Carteret. son village de bord de mer, maisons bourgeoises d’une autre époque aux murs gris clair qui grimpent sur les collines, une rue étroite bordée de quelques boutiques entre le port de plaisance et le port de pêche. Tout au bout, la plage, des dunes et des rochers et une alignée de cabanes blanches et bleues qui se font faire une beauté pour les jours d’été. Ce matin-là la mer est basse, partie je ne sais où tant on ne voit plus qu’un horizon immense de sable boueux et de roches verdâtres.

Il est temps de partir.

La route des caps longe la côte, serpente entre les collines, se faufile dans les villages et côtoie une multitude de chemins, invitations évidentes aux promenades.. aux promenades dans le vent. Il est partout, tendre et violent, il bouscule, il caresse, il chahute, il joue.. Il ne vous lâche pas un seul instant. Sur le haut des falaises il glisse sur la lande, dans le creux des chemins il siffle entre les talus, sur le bord des dunes il fouette le sable.

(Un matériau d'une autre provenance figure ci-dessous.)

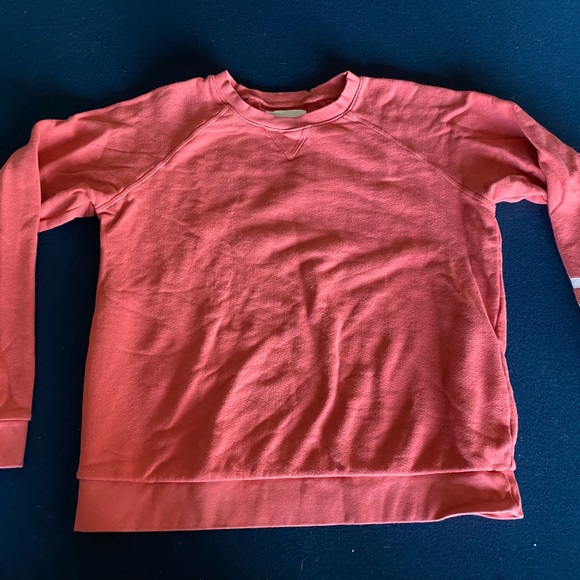 SOL ANGELES sweatshirt⚡️EUC⚡️worn once( too snug for me!) CUTE and COMFY!! - Picture 10 of 13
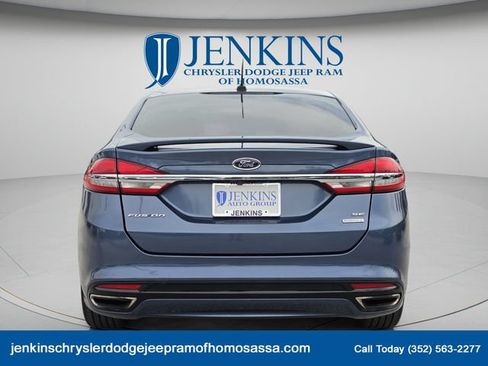 Used 2018 Ford Fusion SE w/ Equipment Group 201A FWD image 5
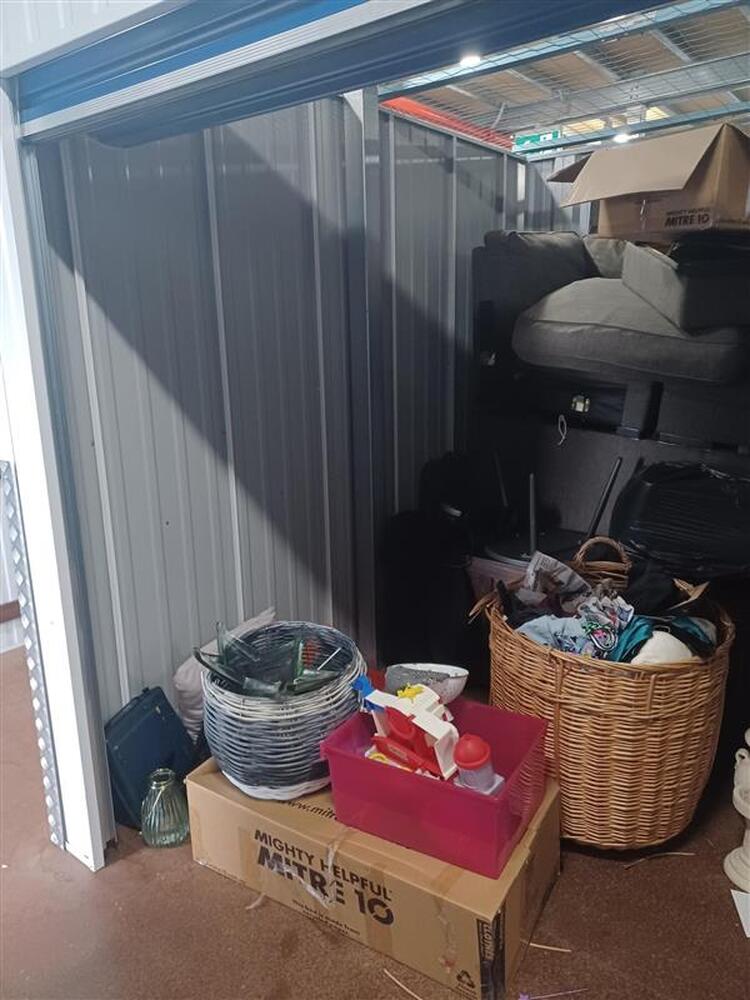 Loxon Storage Nambour Self Storage Facility Unit auction IB-7573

Le sentier des douaniers s’en va vers le cap de la Hague… Quelques heures à me laisser emmener vers la pointe de Rozel, l’anse de Sciotot puis le cap de Flamanville et son port Diélette. Se prélasser, flâner, perdre son regard loin, si loin sur la mer, se laisser envahir par les senteurs portées par le vent qui jamais ne cesse de tourbillonner à vous en faire chavirer puis cheminer à nouveau vers l’anse de Vauville, continuer encore vers le Nez de Jobourg, la baie d’Elcagrain…

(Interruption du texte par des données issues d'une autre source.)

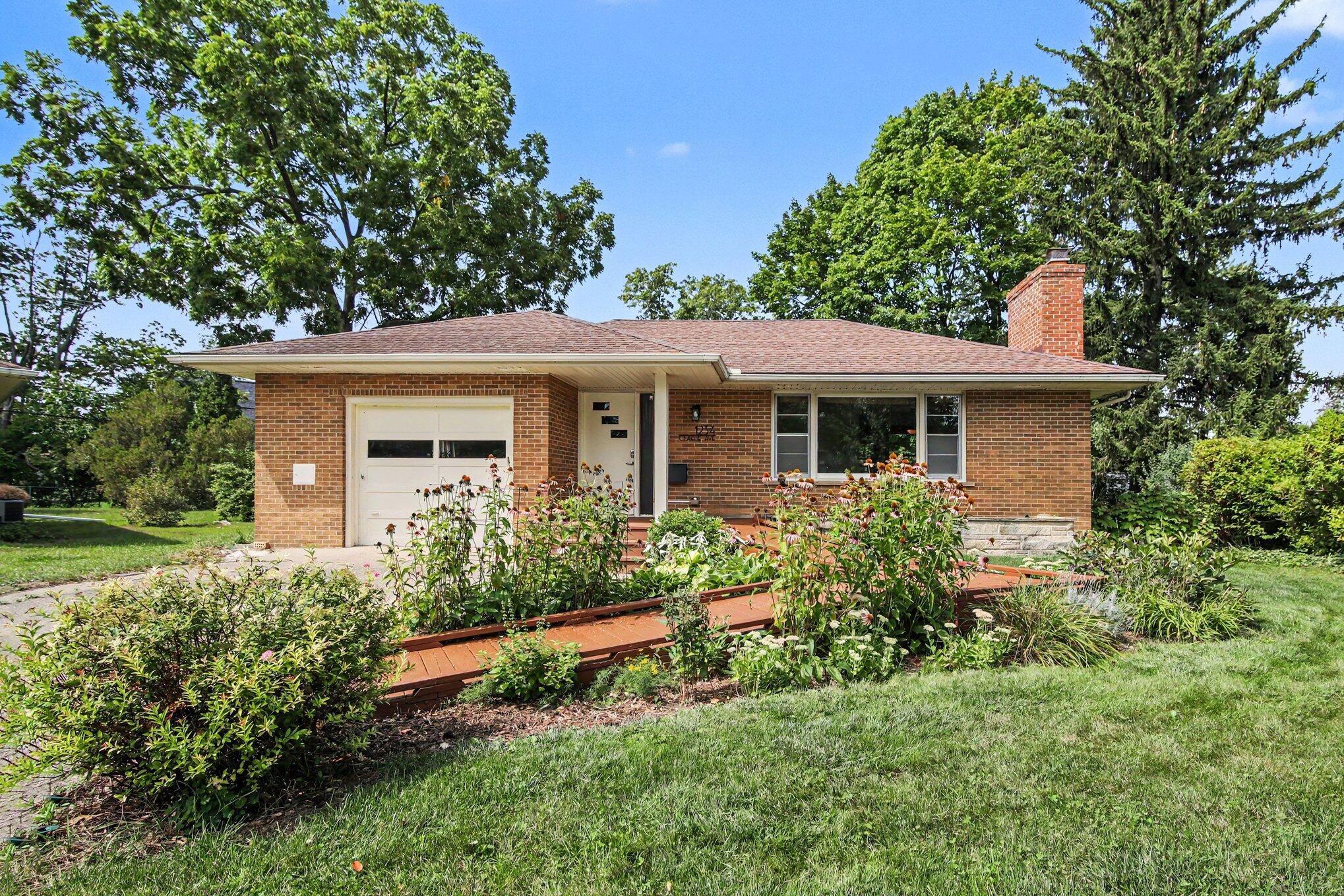 1234 Clague Street Property Photo 1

Des falaises abruptes et déchiquetées couvertes de lande, de bruyères et d’ajoncs fleuris, kaléidoscope géant aux jaunes, mauves, blancs, bleus, rouges et verts qui passent en un clin d’œil de l’éclatant au sombre quand le soleil et les nuages se font la cour, de longues plages au sable blanc silencieuses et tranquilles, de minuscules criques en galets qui prennent un malin plaisir à se cacher pour mieux se laisser découvrir.
Et puis le bocage aux murs en cailloux et aux fleurs multicolores. Quelques moutons indifférents, des vaches nonchalantes, des chèvres curieuses, un tracteur chargé de paille qui cahote sur le chemin poussiéreux…
« On se croirait en Irlande » disent parfois les gens. Je ne sais pas, je ne connais pas l’Irlande et puis je déteste comparer, alors, comme toujours, je profite simplement de là où je suis en laissant vagabonder mes sens au rythme de mes pas.
Les villages ont un charme fou. Ruelles étroites et tortueuses, vieilles et solides maisons entourées d’hortensias immenses. Ce sont peut-être les premiers rayons de ce soleil printanier qui font dormir les chats et les chiens dans l’ombre bienvenue ? Il règne ici une atmosphère paisible qui me fait penser qu’il doit être bon s’y poser.

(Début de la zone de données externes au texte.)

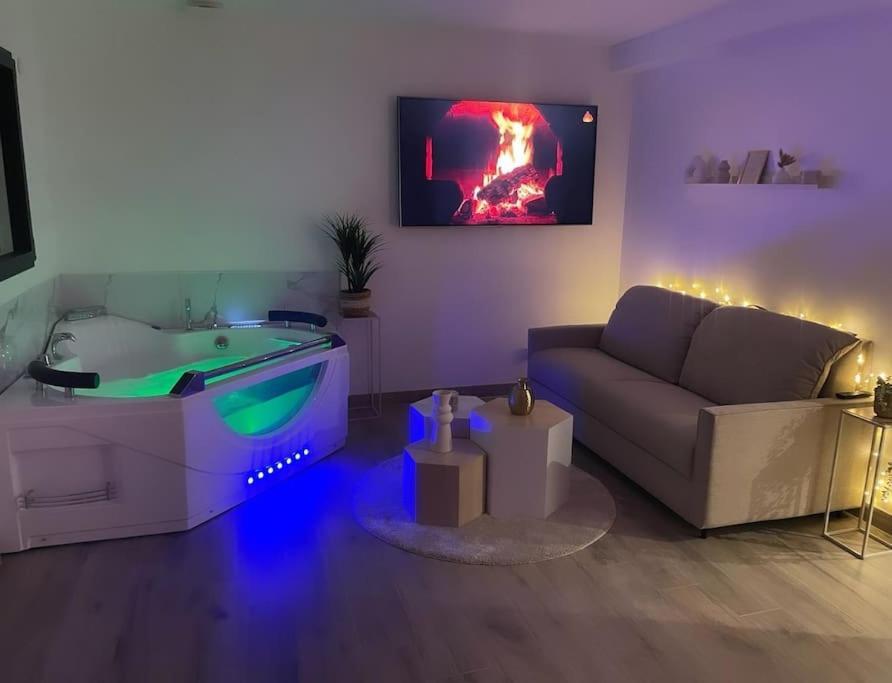 Love Room - Cocon Room - Toulon - Ollioules Exteriör bild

Voici Goury et son phare de bout du monde. Rochers aux rouges bruns et aux roses pâles cisaillés par des vagues qui étincellent dans le soleil et qui éclaboussent dans le vent et puis un peu plus loin Port Racine, « le plus petit port de France » parait-il : une dizaine de barques, minuscules, colorées et joyeuses qui dansent dans les bourrasques, quelques maisons blanches blotties les unes contre les autres comme pour mieux résister à l’assaut des embruns dans l’unique petite rue et tout au bout un café à la porte qui grince et carillonne où il fait bon se réchauffer quand le vent et la pluie sont venus à bout de votre témérité !

Je ne sais pas vous dire où il faut regarder, je ne sais pas vous dire où il faut marcher, où il faut s’arrêter, je ne sais pas vous dire le nom des roches, le nom des fleurs, je ne sais pas vous dire quelle est cette ile au loin, quelle est cette plage tout près, de quelle époque est l’église de ce village, je ne sais même pas vous dire où manger des plats savoureux. Je ne sais pas parler des falaises du Nez de Jobourg qui sont parmi les plus hautes d’Europe, du somptueux panorama de la baie d’Elcagrain, ou bien encore de l’anse de Vauville à l’immense plage aux courbes alanguies, des minuscules villages aux noms en ille qui s’abritent dans les vallons ou se prélassent au bord des dunes : Biville, Vauville, Herqueville…

C’est que je ne suis pas guide ! Juste une promeneuse qui aimerait vous donner l’envie de partir découvrir la beauté sauvage de ce tout petit bout de terre de Normandie, que le soleil, les nuages et le vent vous raconteraient bien mieux que moi.